→ About this task:
All of the listing should be returned as written, apart from any picture in it.

→ Data for analysis:
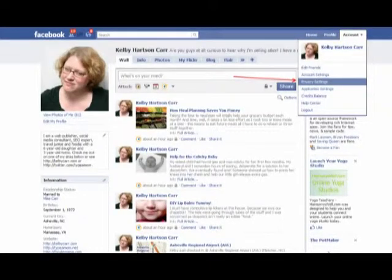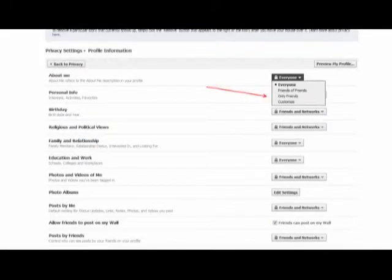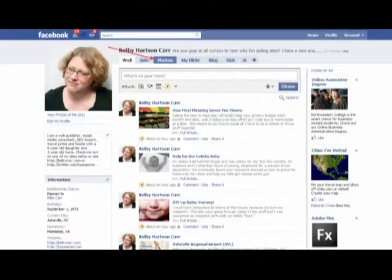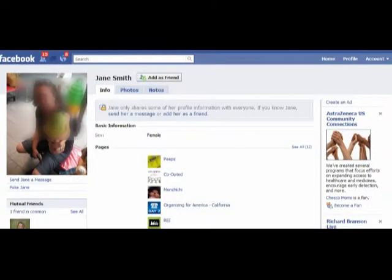From your profile, you want to click Account and then Privacy Settings. And then from there, there are several areas in which you want to change your settings. Here you can decide exactly who you want to see your items. You also want to get into your photos and you can do the same thing again here, and you can be very specific. And as you can see, here is a profile and it shows just how much privacy they have.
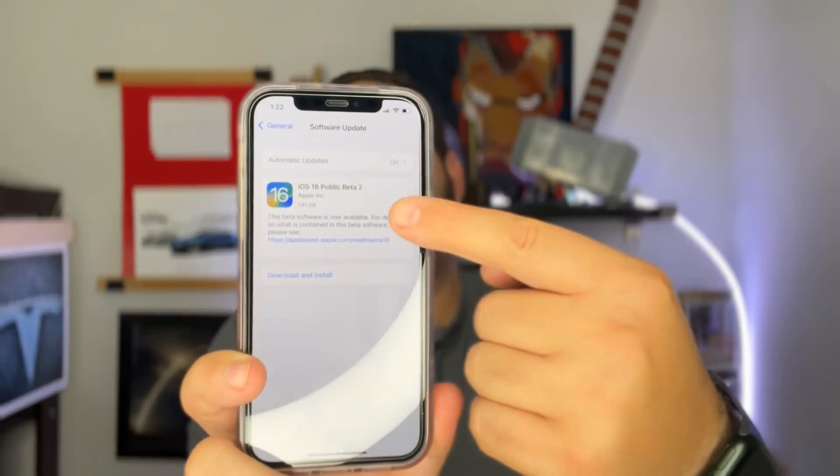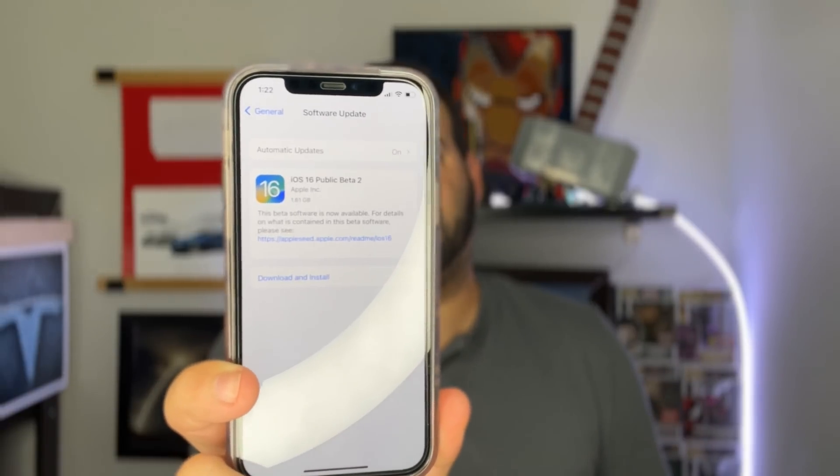Welcome back to Phones and Drones. Yesterday, on the 27th of July, Apple dropped iOS 16 beta 4, and today they're back with another surprise release on a Thursday — they are dropping the public beta of iOS 16 beta 2. This is the public release you guys have been waiting on, and it should be a substantial increase.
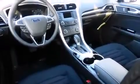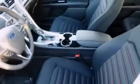Also included are side curtain airbags, child safety seat anchors, rear seat child-proof door locks, a rear window defroster, and an auxiliary power outlet.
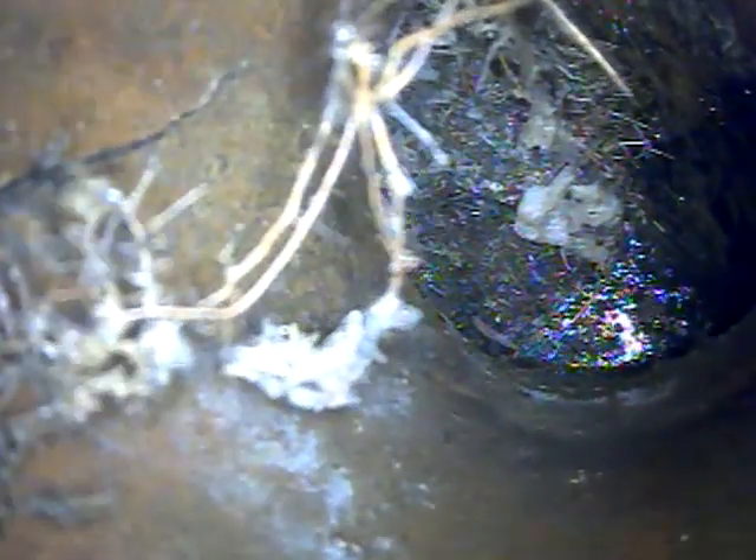There's a big root intrusion here right at the trap and a separation of the piping. We'll pull back up the riser pipe to inspect this. This piping is cracked also, top left corner of the screen, and separated there.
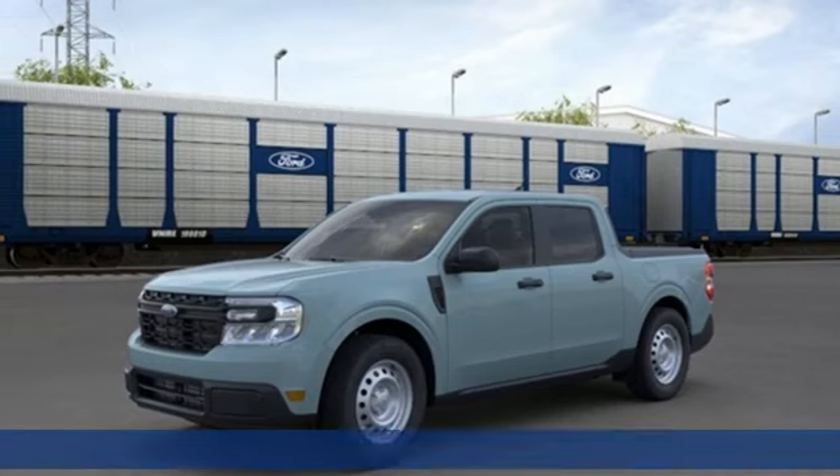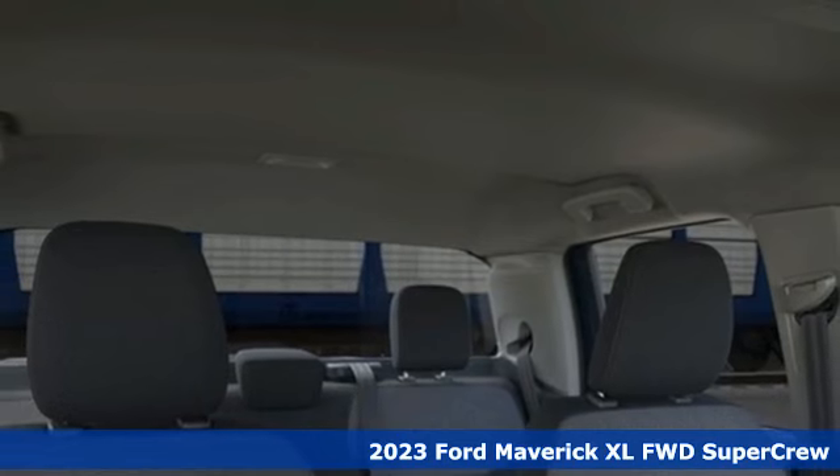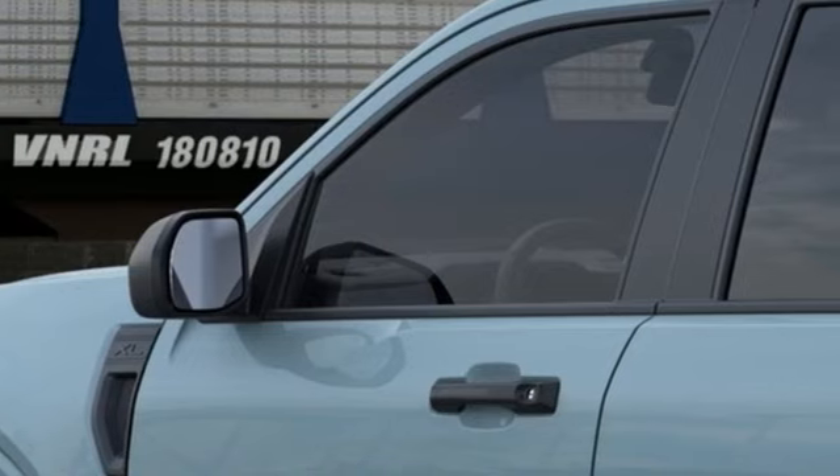Here's a new 2023 Ford Maverick. For whatever your day brings, comes the everything-you-need-it-to-be truck. A great vehicle is comprised of great features like these.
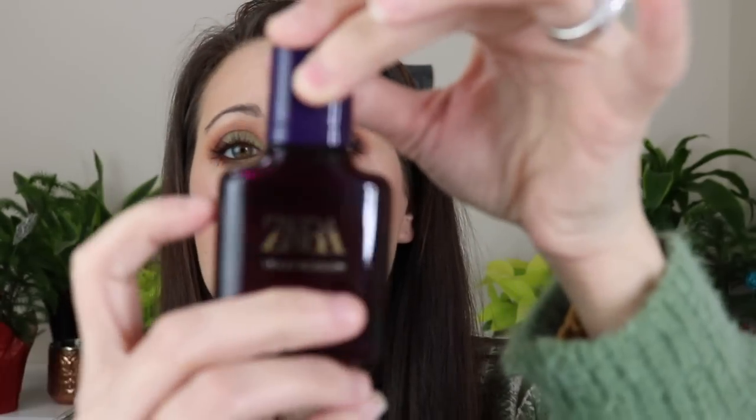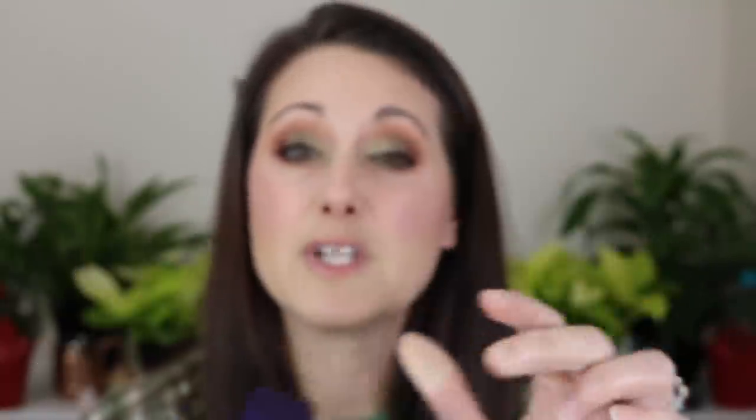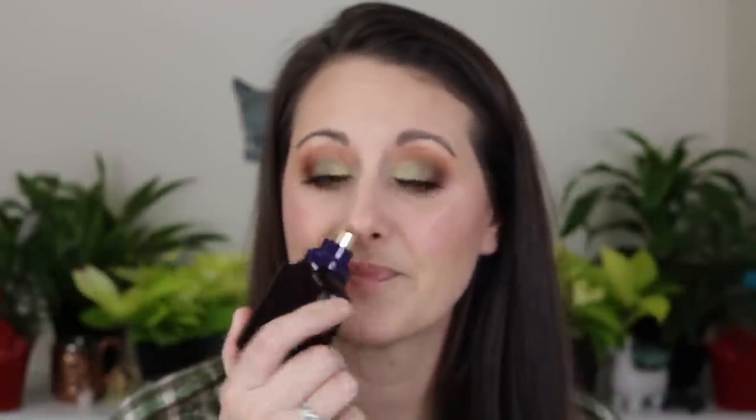The next one is one I wear to bed all the time. I've got a good dent put in this bottle — you can't see because the bottle is so dark, but it's definitely down to about here, which for me is saying something given how many perfumes I have. This is Zara Violet Blossom and I adore this for bedtime. Occasionally I'll wear it in the daytime at home, but not out of the house because it doesn't last long enough — only a couple of hours. Notes are Cherry Blossom, Magnolia, and Tonka Bean.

→ Final answer:
From your profile, you want to click Account and then Privacy Settings. And then from there, there are several areas in which you want to change your settings. Here you can decide exactly who you want to see your items. You also want to get into your photos and you can do the same thing again here, and you can be very specific. And as you can see, here is a profile and it shows just how much privacy they have.
Welcome back to Phones and Drones. Yesterday, on the 27th of July, Apple dropped iOS 16 beta 4, and today they're back with another surprise release on a Thursday — they are dropping the public beta of iOS 16 beta 2. This is the public release you guys have been waiting on, and it should be a substantial increase.
Also included are side curtain airbags, child safety seat anchors, rear seat child-proof door locks, a rear window defroster, and an auxiliary power outlet.
There's a big root intrusion here right at the trap and a separation of the piping. We'll pull back up the riser pipe to inspect this. This piping is cracked also, top left corner of the screen, and separated there.
Here's a new 2023 Ford Maverick. For whatever your day brings, comes the everything-you-need-it-to-be truck. A great vehicle is comprised of great features like these.
The next one is one I wear to bed all the time. I've got a good dent put in this bottle — you can't see because the bottle is so dark, but it's definitely down to about here, which for me is saying something given how many perfumes I have. This is Zara Violet Blossom and I adore this for bedtime. Occasionally I'll wear it in the daytime at home, but not out of the house because it doesn't last long enough — only a couple of hours. Notes are Cherry Blossom, Magnolia, and Tonka Bean.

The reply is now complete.